L’etimologia della parola non è consistente con il significato di altre ere geologiche.

I geologi dicono il contrario.

L’ipotesi di base che l’Antropocene stia modellando il pianeta viene contestata perché trascura che le forze geologiche e i processi naturali seguitano ad operare sul pianeta e hanno la possibilità di obliterare ogni traccia lasciata dall’attività umana.

L’ipotesi di base è che l’attività umana lasci sul pianeta tracce fisiche, distinte da quelle dei processi naturali.

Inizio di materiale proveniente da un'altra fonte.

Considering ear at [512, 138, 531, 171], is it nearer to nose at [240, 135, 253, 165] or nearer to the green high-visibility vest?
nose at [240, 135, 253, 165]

Le ragioni per introdurre questa classificazione sono esaminate concludendo che i segnali lasciati dall’epoca attuale saranno di una tale precisione o dettaglio da rendere inutile qualunque classificazione.

Esaminate da veggenti e/o crononauti, si presume.

Dal punto di vista politico si nota come l’Antropocene sia usato come base per dimostrare che la natura non esiste più per cui non ci sono più limiti al suo sfruttamento.

Chi ha detto “la natura non esiste più” alzi la mano.

D’altro canto all’Antropocene sono attribuiti tutti i cambiamenti dell’ambiente, trascurando il fatto che l’umanità non è l’unico fattore che influenza il cambiamento.

E’ una parola, accid., non le viene attribuito nulla. E di solito si impara a scuola che la geologia si occupa anche dei periodi precedenti all’evoluzione della specie umana (sarà mica creazionista?).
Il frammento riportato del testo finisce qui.